RE: Use of scanned documents for text extraction and indexing

2009-02-26 Thread Renaud Waldura
There is quite a bit of litterature available on this topic. This paper
presents a summary. Nothing immediately applicable I'm afraid.

Retrieving OCR Text: A survey of current approaches
Steven M. Beitzel, Eric C. Jensen, David A Grossman
Illinois Institute of Technology

It lists a number of other papers that are easy to find online. Let me know
what you find, I'm interested in this too.

--Renaud

 

-Original Message-
From: Sudarsan, Sithu D. [mailto:sithu.sudar...@fda.hhs.gov] 
Sent: Thursday, February 26, 2009 8:29 AM
To: solr-user@lucene.apache.org; java-u...@lucene.apache.org
Subject: Use of scanned documents for text extraction and indexing


Hi All:

Is there any study / research done on using scanned paper documents as
images (may be PDF), and then use some OCR or other technique for extracting
text, and the resultant index quality?


Thanks in advance,
Sithu D Sudarsan

sithu.sudar...@fda.hhs.gov
sdsudar...@ualr.edu






RE: Performance "dead-zone" due to garbage collection

2009-01-28 Thread Renaud Waldura
I'm coming in late on this thread, but I want to recommend the YourKit
Profiler product. It helped me track a performance problem similar to what
you describe. I had been futzing with GC logging etc. for days before
YourKit pinpointed the issue within minutes.

http://www.yourkit.com/

(My problem turned out to be silly. Straight Lucene, not Solr; the index was
opened and closed on every request. It worked OK for a few hours, then a
giant full GC kicked in, which froze the VM for minutes. Doh!)
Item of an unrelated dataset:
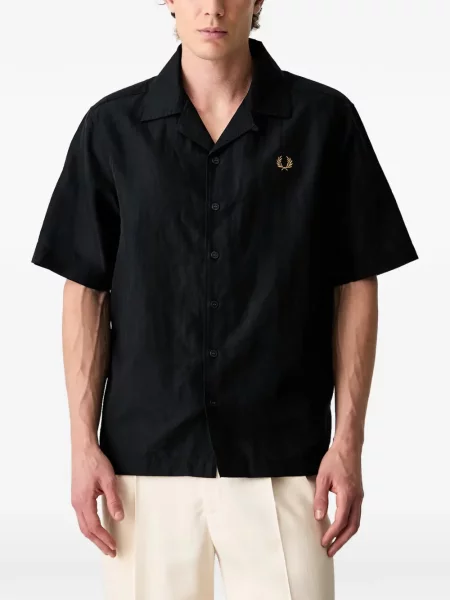 Gulerat cămașă Fred Perry cu broderie negru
Anyway, it may help you identify how much memory is used per request, etc.
and tune GC accordingly. Good luck!

--Renaud


-Original Message-
From: Feak, Todd [mailto:todd.f...@smss.sony.com] 
Sent: Friday, January 23, 2009 8:13 AM
To: solr-user@lucene.apache.org
Subject: RE: Performance "dead-zone" due to garbage collection

Can you share your experience with the IBM JDK once you've evaluated it?
You are working with a heavy load, I think many would benefit from the
feedback.

-Todd Feak

-Original Message-
From: wojtekpia [mailto:wojte...@hotmail.com]
Sent: Thursday, January 22, 2009 3:46 PM
To: solr-user@lucene.apache.org
Subject: Re: Performance "dead-zone" due to garbage collection


I'm not sure if you suggested it, but I'd like to try the IBM JVM. Aside
from
setting my JRE paths, is there anything else I need to do run inside the
IBM
JVM? (e.g. re-compiling?)


Walter Underwood wrote:
> 
> What JVM and garbage collector setting? We are using the IBM JVM with
> their concurrent generational collector. I would strongly recommend
> trying a similar collector on your JVM. Hint: how much memory is in
> use after a full GC? That is a good approximation to the working set.
> 
> 

-- 
View this message in context:
http://www.nabble.com/Performance-%22dead-zone%22-due-to-garbage-collect
ion-tp21588427p21616078.html
Sent from the Solr - User mailing list archive at Nabble.com.






RE: Accented search

2008-03-11 Thread Renaud Waldura
Peter:

Very interesting. To take care of the issue you mention, could you add
multiple "synonyms" with progressively less accents? 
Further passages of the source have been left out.